Aver-Falconet’s polished metal palace was shining in roseate sunset light as we staggered into Galt, left at the tallower’s on Cinder Street, the Kentledge Pub. Puddles glowed among the cobbles of the cross-roads outside my chemist’s shop. Even the turbid river was shellac and vermeil, seemingly solid pink.

I liked the shop, it was dim and quiet; the Wheel’s fear of knowledge made it a safe refuge. With the shutters down, specks of dust enjoyed brief fame, transformed by vertical shafts of sunlight. Every customer who entered stood blinking for a while until his eyes adjusted to adumbrant shelves of bottles, powders crusting or deliquescing in jars, flaky bunches of dried plants. I would hope they are a little overawed by a shock-headed boy slouching on the ebony counter who has already looked them over, summed them up; a foreign freak perhaps, tall and farouche even for adolescence, but a perfect confidant.

I fumbled with a brass key, kicked the cat out of the shop doorway and unfolded Debrah onto the counter top. She said something very complicated which involved goats and made me blush.

‘I shall have to pretend you’re delirious and didn’t really mean that,’ I told her, stripping my shirt off. I didn’t intend to have it covered in blood.

Her eyes cleared briefly and she slurred, ‘Now there’s something we don’t see every day. Feline wi’ feathers.’

I pinched the arrow nock sticking out of her pale cylindrical thigh and wiggled it. She obediently gave a piercing scream. ‘Shut up?’ I asked her and she started crying. ‘It’s not my bloody fault,’ I told her viciously.

A querulous fastidious voice drifted down the green stairwell. ‘Shira? What are you doing down there?’

I bit my lip and called. ‘Don’t worry, sir. It’s just another of these street kids been brought in.’

‘Knives?’ The voice inquired uncertainly.

‘No, sir. Arrows, even. Been beaten up, too,’ Debrah gave me an evil glare. There was the rustle of coughing laughter that always preceded one of his jokes, then the voice cracked saying. ‘Good. We need some more cat food, Shira.’ I smiled dutifully, I was rather devoted to him.

His voice brought the correct picture to mind, that of a padded face, deeply wrinkled, a nose veined cranberry red and wisps of hair too white for Galt. He was a slow old genius whose knowledge of cures made him hypochondriac. Not quite bedridden but quite definitely lazy, he had me running up and down the stairs bringing carraway rum and mint juleps, any medicine based in warm brandy he could contrive. I had served six years’ apprenticeship, one more year sitting on the ebony counter listening to his rookery voice giving me homespun instruction. I wanted to inherit the shop from him, as if I really was his son. He knew this too, damn him; there was something sacrificial in our relationship which is why I consented to work so hard.
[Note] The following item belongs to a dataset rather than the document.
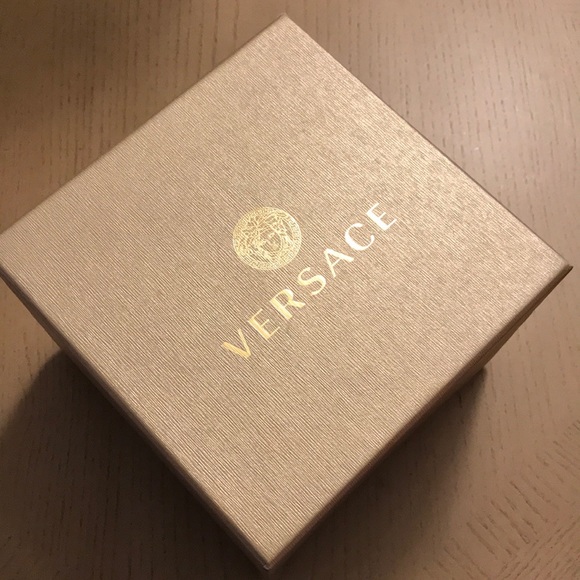 Versace Womens Watch - Picture 15 of 16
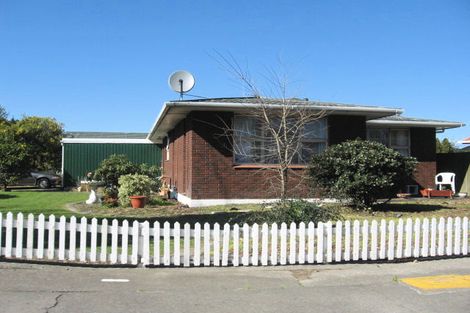 Photo of property in 1a Nottingham Avenue, Highbury, Palmerston North, 4412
I assured him that I could handle the problem, then turned to Debrah and continued quietly: ‘I can’t believe I had to sit in that boat. I’m not hiding in that boat again, so help me god.’ Talking softly all the time I selected the most useful bottles from the shelves and placed them behind her. Debrah squirmed in her mud snail trails but hadn’t the strength to turn round. ‘I’ll do your hands as well,’ I muttered, kicking off my squelching boots.
‘Jant,’ she said. ‘You’re beautiful.’

I covered the worry in my voice. ‘Yeah. Even Felicitia thinks so ha ha.’
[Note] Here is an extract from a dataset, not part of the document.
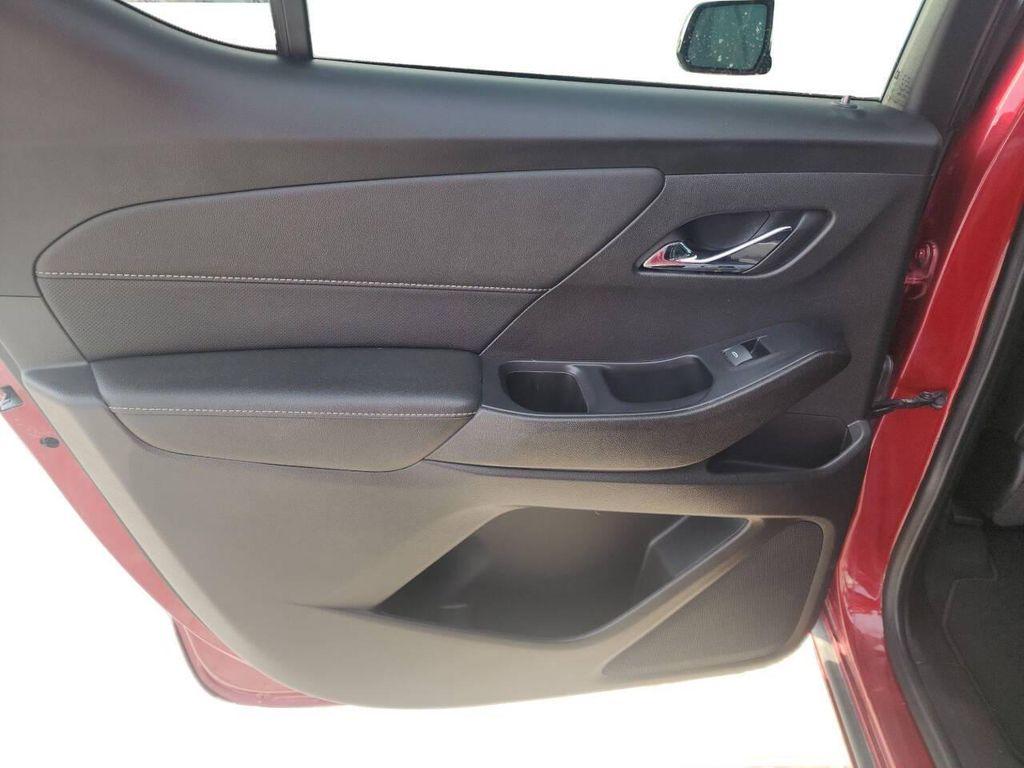 used 2022 Chevrolet Traverse car, priced at $28,950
Patiently she said. ‘I’ll try again: Jant, you’re beautiful.’

You’re twelve.’

I lit an oil lamp and the shadows jumped from black on decaying pink, to soft yellow. ‘This is spraints and betony,’ I said, calming her. ‘Datura. Veronal and valerian. Knit-bone and all-heal, proof against poisoned arrows; and this, my sister, is scolopendium.’
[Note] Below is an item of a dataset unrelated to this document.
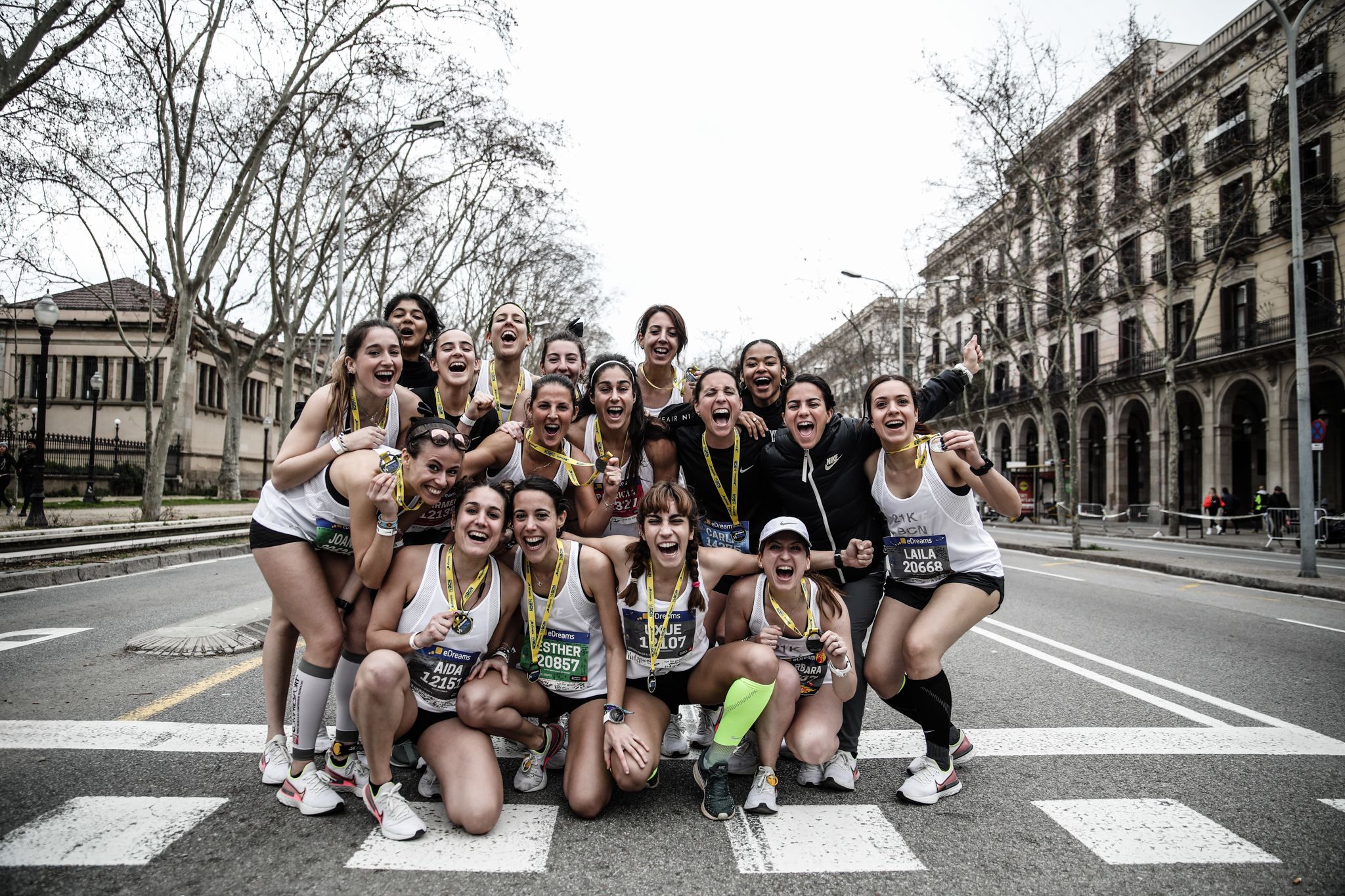 Instalación Mamut explosión Así unieron 21 km a 21 chicas de Barcelona - Mírame la espalda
She had a split second to gasp, wide-eyed, and the next sound was that of her head hitting the counter top. I pulled the needle out of the flesh of her backside and looked at it ironically. ‘That’s your experience. What you’ve always bloody wanted to try. Tell me what it’s like, cardsharp, will it make any party go with a spin?’

Now for the festivities. I need some water and a really sharp knife. I stretched aching wings, feeling terribly alone and hopelessly powerful, constantly misplaced. Chaste sister, what sort of life is Hacilith? Leaning over I gave her slack warm mouth a thankful kiss.